DATA UNDER STUDY:
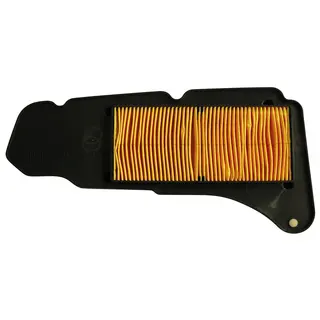 MIW Y4215 Luftfilter - Yamaha YP400cc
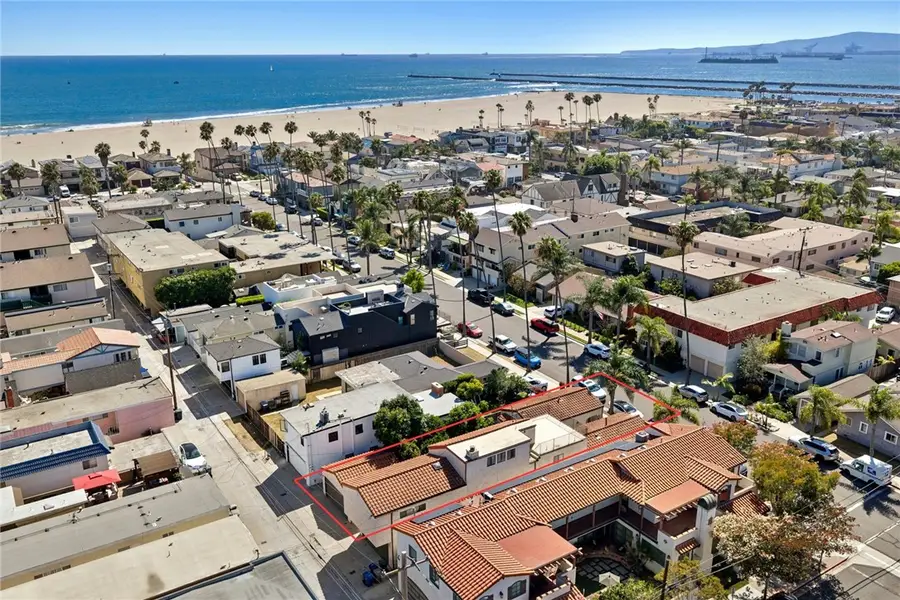 142 144 6th, Seal Beach, CA 90740 - #3
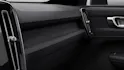 VOLVO C40 P6 Recharge Plus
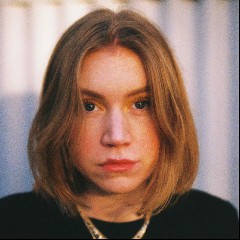 Hanne Mjøen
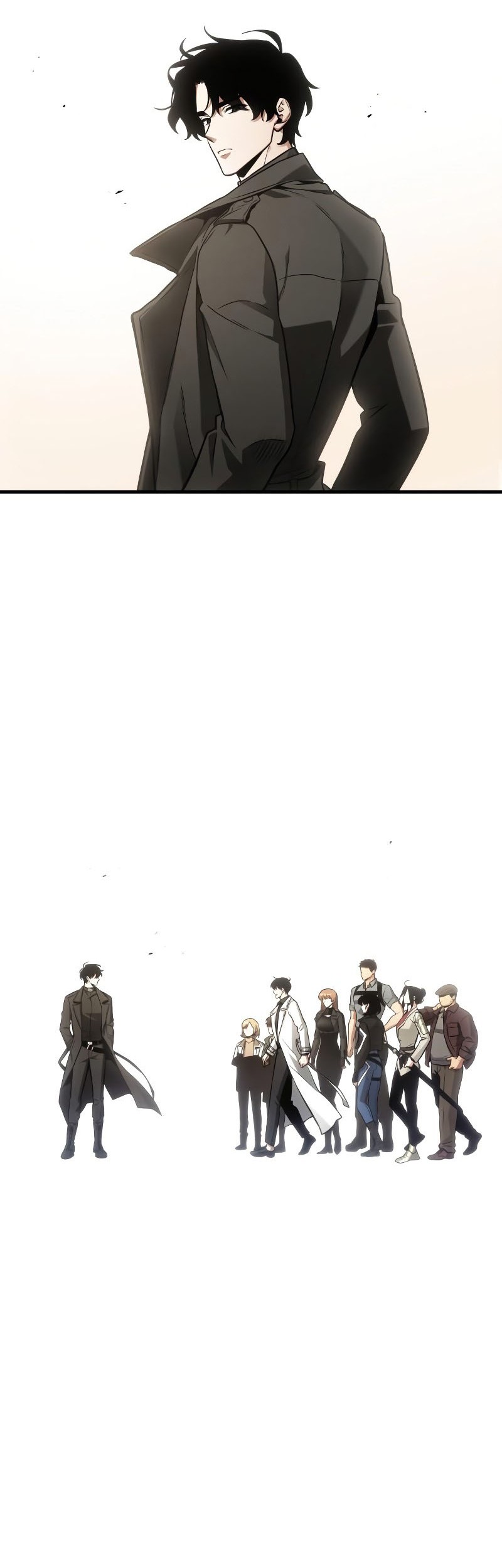 Chapter 220 - halaman 48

WHAT NEEDS TO BE DONE:
Transcribe every record above exactly, leaving out the pictures.

SOLVED PROBLEM:
 MIW Y4215 Luftfilter - Yamaha YP400cc
 142 144 6th, Seal Beach, CA 90740 - #3
 VOLVO C40 P6 Recharge Plus
 Hanne Mjøen
 Chapter 220 - halaman 48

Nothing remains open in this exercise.